アナログの世界は境目がなくシームレスで、デジタルの世界には境目
があるというイメージを持たれている方もあると思います。
でも、皆さんも小さい頃からデジタル的概念を利用しながら生活して
いませんか。例えば待ち合わせは、いつもの場所で10時にしましょう
と言われれば、9時55分〜10時の間に到着する人が多いのではない
でしょうか。中には9時30分には到着していたり10時を過ぎてから
到着する人もいるかもしれませんが、それは、むしろ例外の筈です。
もう少しこの例を引用して、後日、待ち合わせ場所には何時に行った
のか尋ねられたときに、10時と答える人も多いと思います。
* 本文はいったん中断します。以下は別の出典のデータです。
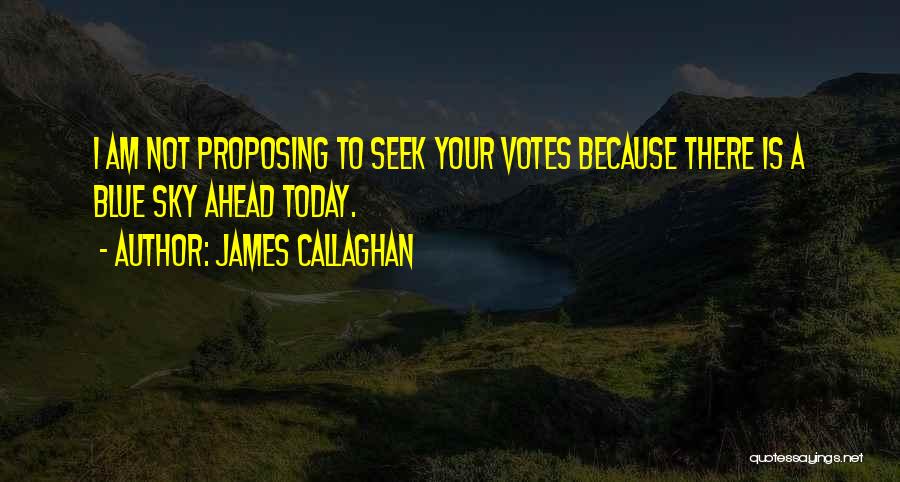 James Callaghan Quotes: I Am Not Proposing To Seek Your Votes Because There Is A Blue Sky Ahead Today.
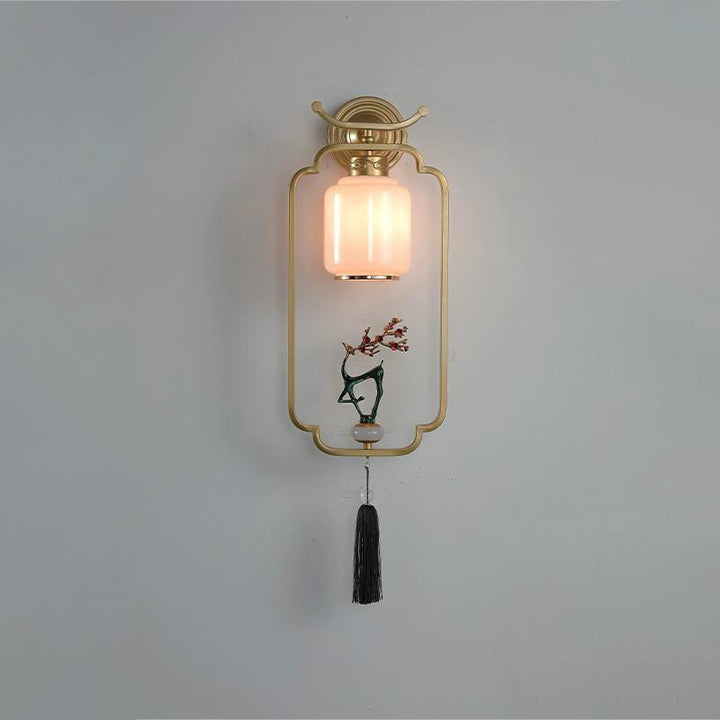 Applique murale en verre à 1 lumière avec pin de bienvenue chinois traditionnel et cerf sika en fer pour salon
9時58
分23秒のように答える人は、まず、いないでしょう。これもデジタル
化です。
この例で示したいことは、10時に待ち合わせという言葉に対する人
の感覚にはある程度の誤差はあっても、それを全て10時としていると
いうことであり、これがデジタル化なのです。デジタル化とは多少の違
いはあっても同じ値として扱うことです。少しはデジタルの便利さを実
感して頂けたでしょうか?
もちろんアナログにはアナログにしかない良さもあり、TPOにより
アナログとデジタルは使い分ける必要があります。
「多少の違いはあっても同じ値として扱うこと」がデジタル化です。
その方が都合がよいことがあるからデジタル化する訳ですが、ここから
はアナログよりもデジタルの方がよい点を示してみたいと思います。
尚、ここでは概念だけを説明しますので、デジタル化のどこが良いの
か理解できないかもしれません。しかし、この後も読んでもらえれば、
デジタル化の良さが少しはわかると思います。
ここからは更にデジタルの世界に入っていきます。普段の生活とは違
う世界に入っていくので、少し考え方を変えなくてはいけなくなります。
「多少の違いはあっても同じ値として扱う」という概念に馴染んでいく
ようにして下さい。
究極のデジタル量は有と無で表すことができます。例えば、コップに
水が入っているか入っていないかを有無で表すとします。コップの底に
水滴が少しくらい残っていても、コップに水が入っているか尋ねられた
ときに、一瞥して(一目見て)入っていないと答える人の方が多いでし
ょう。逆に、コップの上の方に少し空きがあっても、水が入っていると
答える人の方が多いと思います。
この少しくらいの違いは、有るか無いかに影響を与えないという性質
を使うことで得られるのがデジタル化したときの利点です。
デジタル値はノイズがあっても正しく認識でき、また、復元すること
もできます。
ノイズがあっても正しく認識できるとは、何かの拍子で状態が変化し
ても、元の状態を認識できるという意味です。
例えば水が入ったコップを運ぶ途中で水をこぼしたり、その後、雨に
降られて少しコップの水が増えたときに、アナログの世界では、元の水
の量が分からなくなったと考えます。しかし、デジタルの世界ではコッ
プの水の量が半分よりも少なければ元々コップに水が入ってなかったと
認識し、半分よりも多ければ元々コップに水が入っていたと認識するこ
とで元の状態を認識します。
復元できるとは状態が変化しても元の状態に戻せるという意味です。
水が入ったコップを外に放置しておいて、日照りだったり雨が降ったり
して水の量が変わったときに、アナログの世界では元の量がわからない
ので今の状態が元の状態に最も近いと考えます。しかしデジタルの世界
では水の量がコップの半分よりも少なければ水を全て捨てて水が入って
いない状態にし、逆に半分よりも多ければコップの水をいっぱいにする
ことで水が入った状態にできるため、コップに水が入っていない状態も
入っている状態も復元できると考えます。
これを読んで、水の量が誤って伝達されているとか、全然復元できて
いないとか思われるかもしれません。しかし、アナログの概念では情報
の真値が失われる場合でも、デジタル化することで情報の一部でも正確
に残せれば十分な意味があるのです。このことは追って説明します。
もちろん、もしアナログ量を変化させることなく伝達できたり保存で
きるならば、それはデジタル化するよりも素晴らしいことに違いはあり
ません。しかし、現実には不可能であると考えられています。